Listening has led me to discern the gifts that I may bring to a congregation as Interim Rabbi, as well as the gifts I will receive in return.
Serving as an interim rabbi will doubtless include officiation at funerals of people I never met and at weddings of couples who are relatively new to me. My habit of leading with my ear, rather than my mouth, in pastoral care, will guide me to provide comfort in times of sorrow and to heighten the joy of a simcha.
Just as important, the listening skills I have honed over the years as a congregational rabbi will serve the sacred organizational task of the interim rabbi.
As interim rabbi, I am eager to hear the stories of the congregation. These stories will always include pride as well as pain.
Learning what congregants love about their synagogue, I will internalize the kind of interim rabbi they need me to be. From the inside, but as a rabbi who will be leaving from the day I arrive, I will be able to help lay leadership and professional staff esteem the qualities of the congregation that ought to be emphasized and nurtured into the future.
Hearing stories of people’s pain, I aim to facilitate healthy grieving. Congregations in transition will include some who are mourning, and others who are celebrating, the end of what was. Many will experience both emotions. And those who are grieving will be at a variety of stages, manifesting their losses in a variety of ways. Listening and caring, without being entangled in the past or the future, I will hear and affirm the full range of feelings and reactions, helping congregants to grow in their empathy and trust for one another.
The ability to listen and frame situations will also help me to assist lay leadership in its sacred transitional work. I may hear stories and opinions that longtime congregants may not tell one another. Honesty and confidentiality are my hallmarks.
The professional staff will be a critical focus of my work. Without ego on the line, I will hear their grief and their celebration, their excitement and their fears. Only then may I affirm their roles and supervise with encouragement, integrity, and empathy. The time between senior rabbis can be a period of creative development, and I will be eager to support and join the staff in that growth without restricting the flexibility of the new senior rabbi.

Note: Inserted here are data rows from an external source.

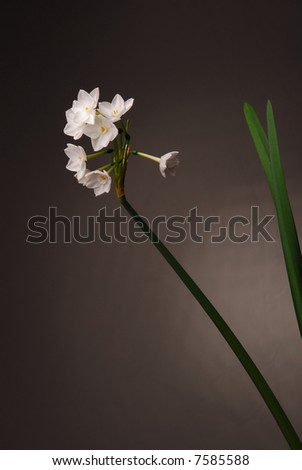 Paperwhite narcissus flower over black background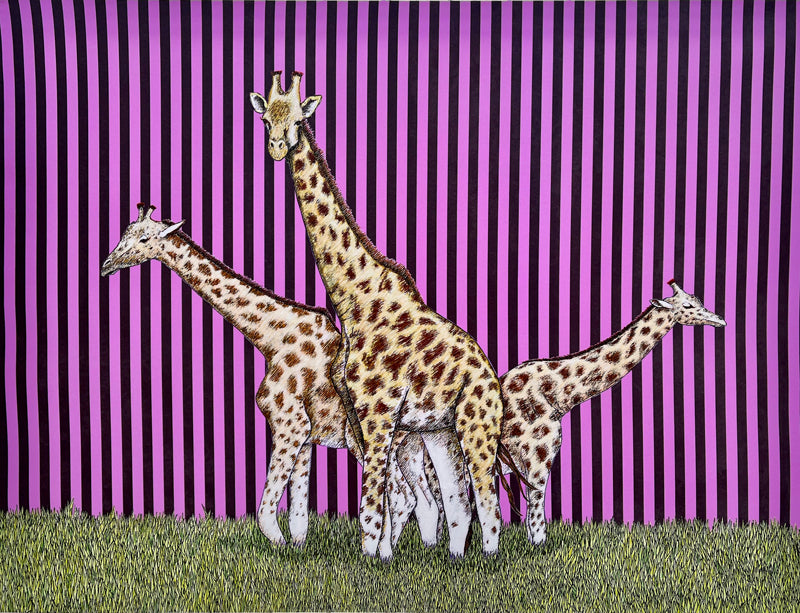 Giraffes (3 of a Kind)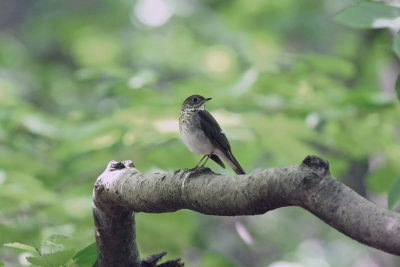 Gray-cheeked Thrush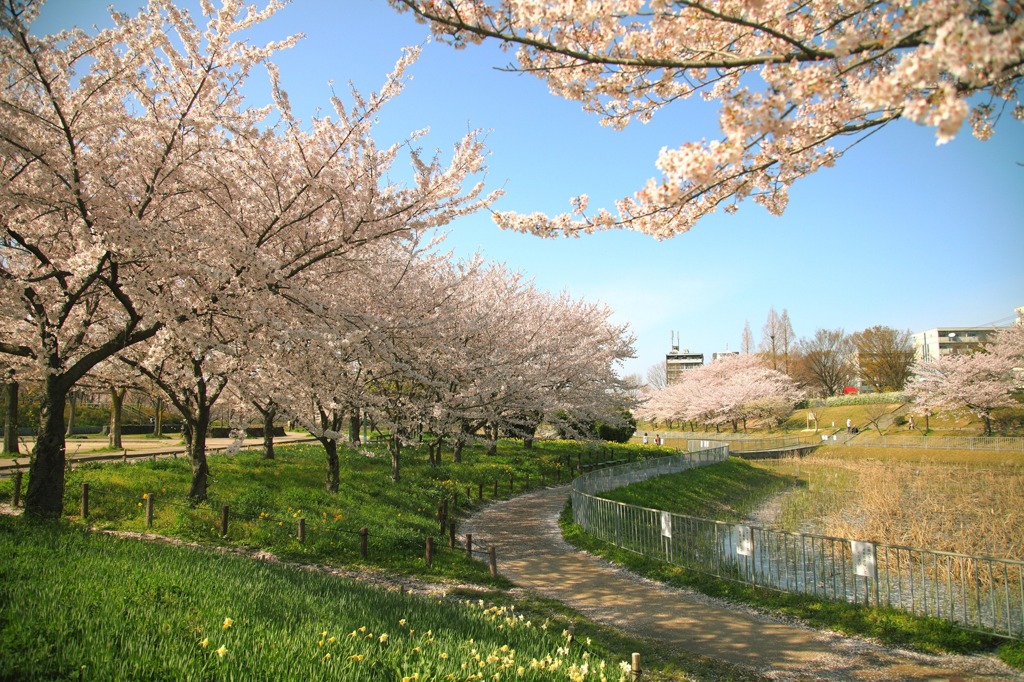 夢の様な近所の公園
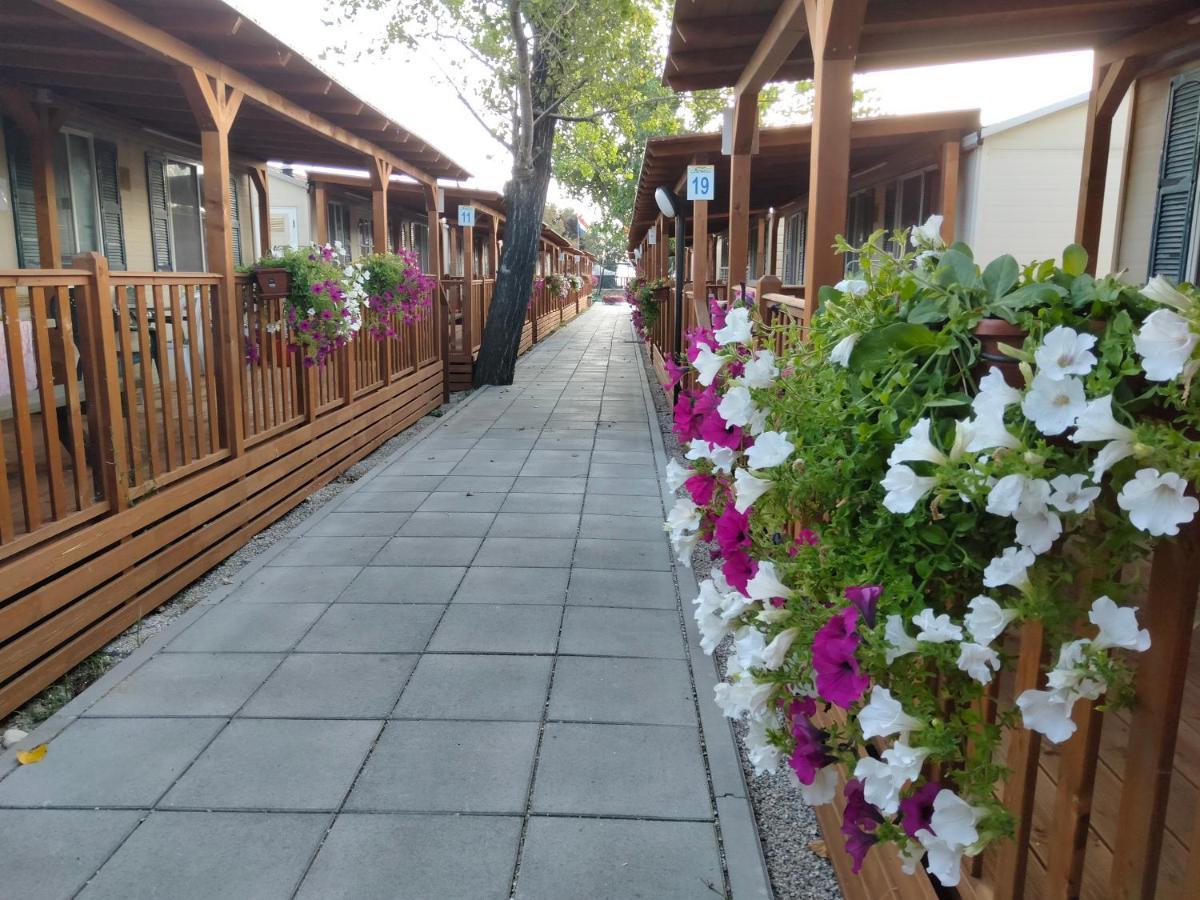 Villaggio Degli Angeli Scerne Pineto Eksteriør billede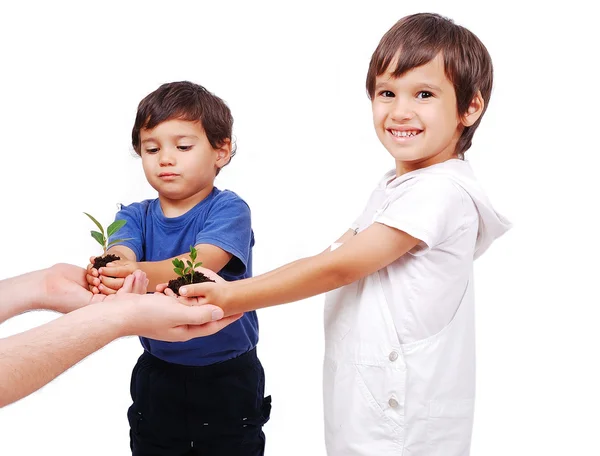 Små söta barn håller grön växt i händer — Stockfoto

Like the congregation I will serve as interim rabbi, I am in transition. Leaving a congregation I have loved and served for 20 years, I have listened to my heart and sought to discern God’s plan for me. I believe that I bring unique gifts to the interim rabbinate. Giving myself fully to a congregation that is new to me, and hearing its dreams, I will better discern my own future path.

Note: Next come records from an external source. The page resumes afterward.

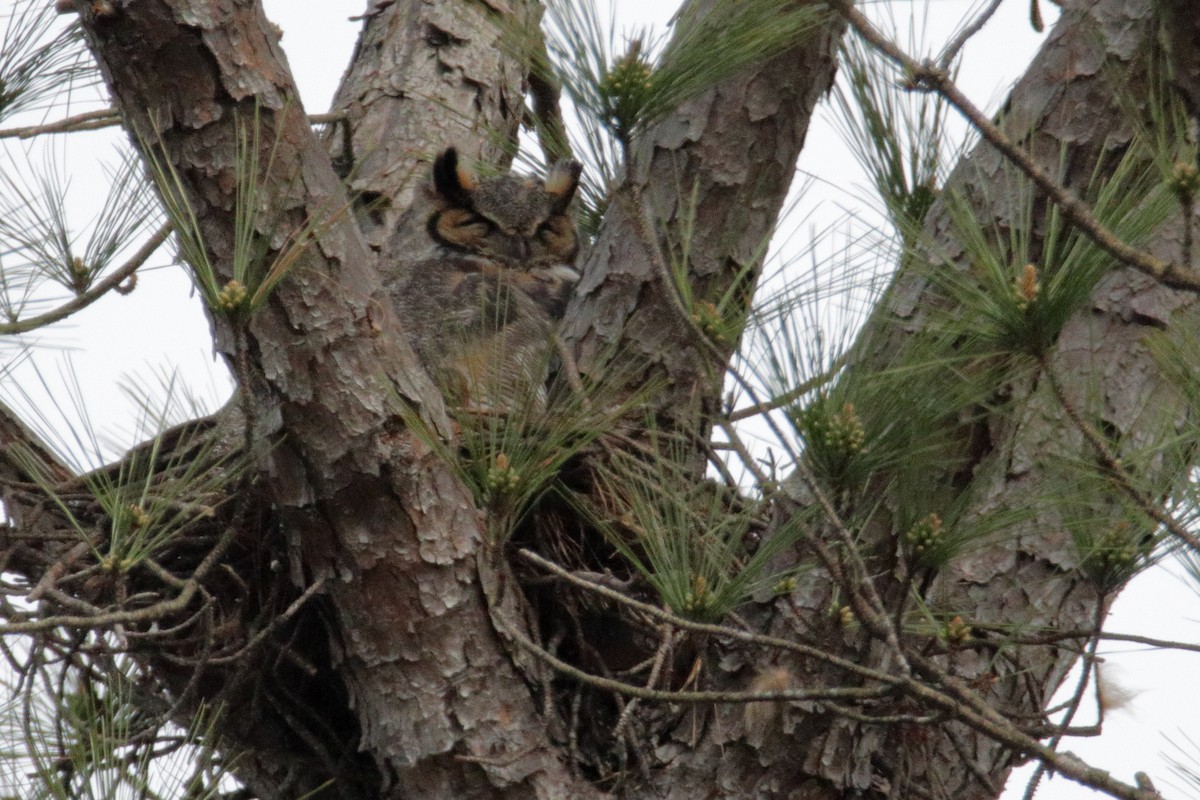 Great Horned Owl - ML318384621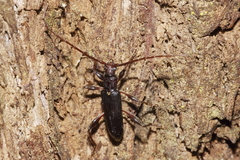 Callidiopis scutellaris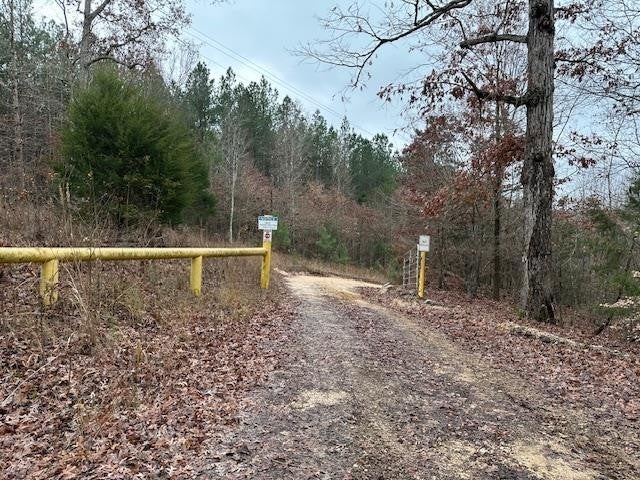 Photo of Listing #2768079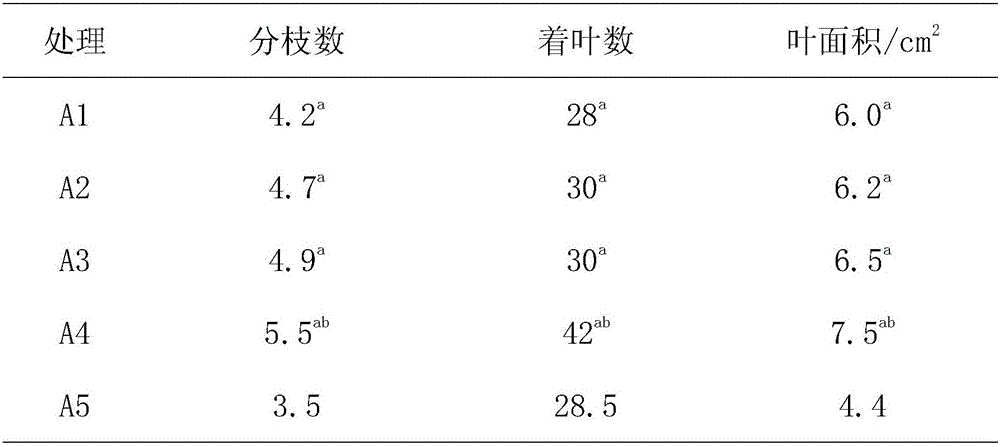 Tea tree organic fertilizer and preparing method thereof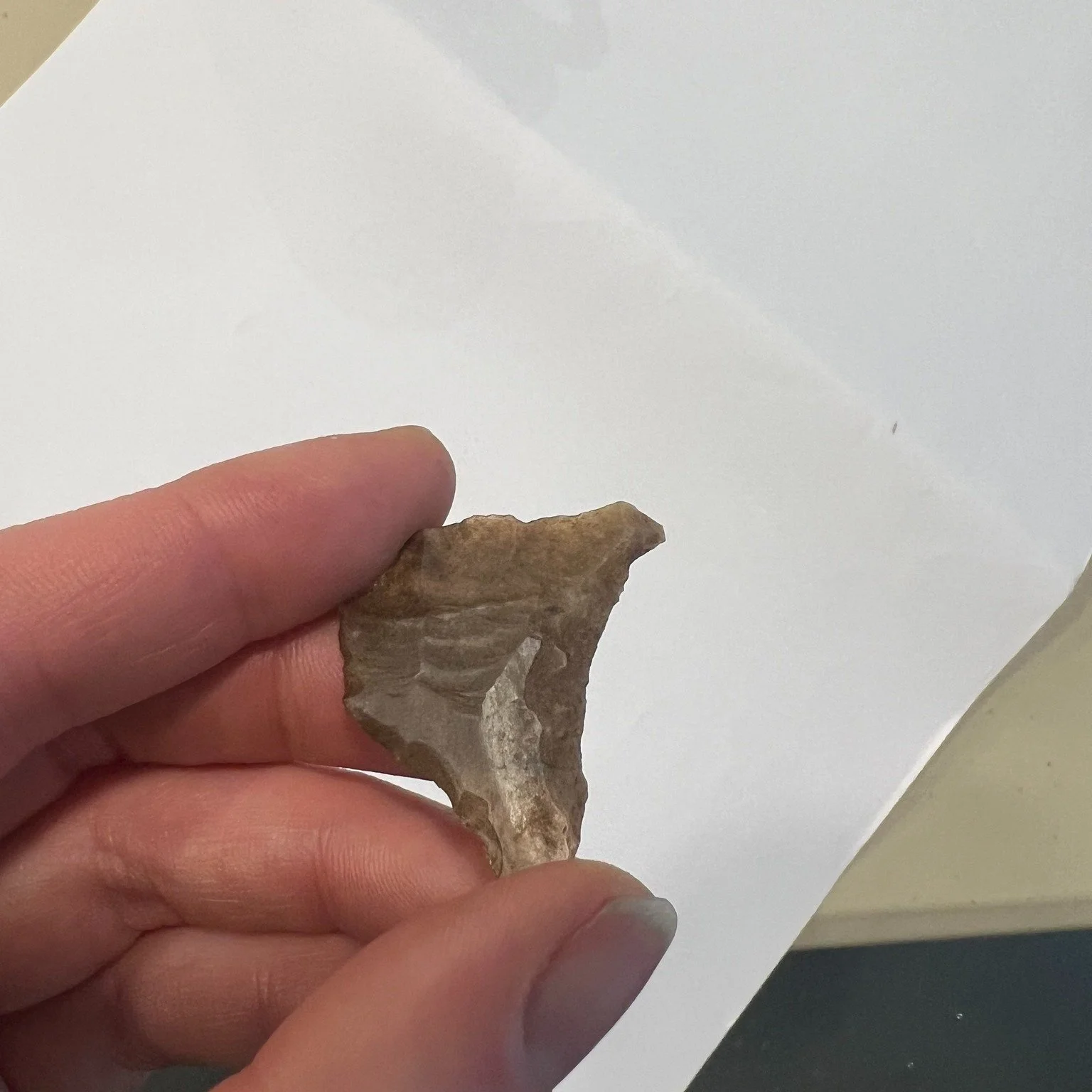 Uncovering the Tweed, as part of @destinationtweeduk  undertook a workshop at Biggar Museum with participants cataloguing finds from one of the Biggar Archaeology Group excavation and fieldwalking sites on the Biggar Water. The majority of the diagno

In Genesis, Pharaoh, in distress, calls upon Joseph, saying, “I have heard that you can hear a dream and interpret it.” Joseph responds: “Without me, God will see to Pharaoh’s well-being.” But then Joseph encourages Pharaoh to tell him the dream. Joseph is eager to be the vessel through which God’s healing will be conveyed.
Like Joseph, I will be eager to hear the dreams, including the nightmares, of the congregation I serve as Interim Rabbi. Like Joseph, I will understand that any healing I provide ultimately comes from God, not from me.
The analogy ends there, as Joseph does take an ongoing leadership role. As for me, after a time of congregational stress or transition, I will have been a successful guide when the congregation is eager to move forward, united, with confidence, without me.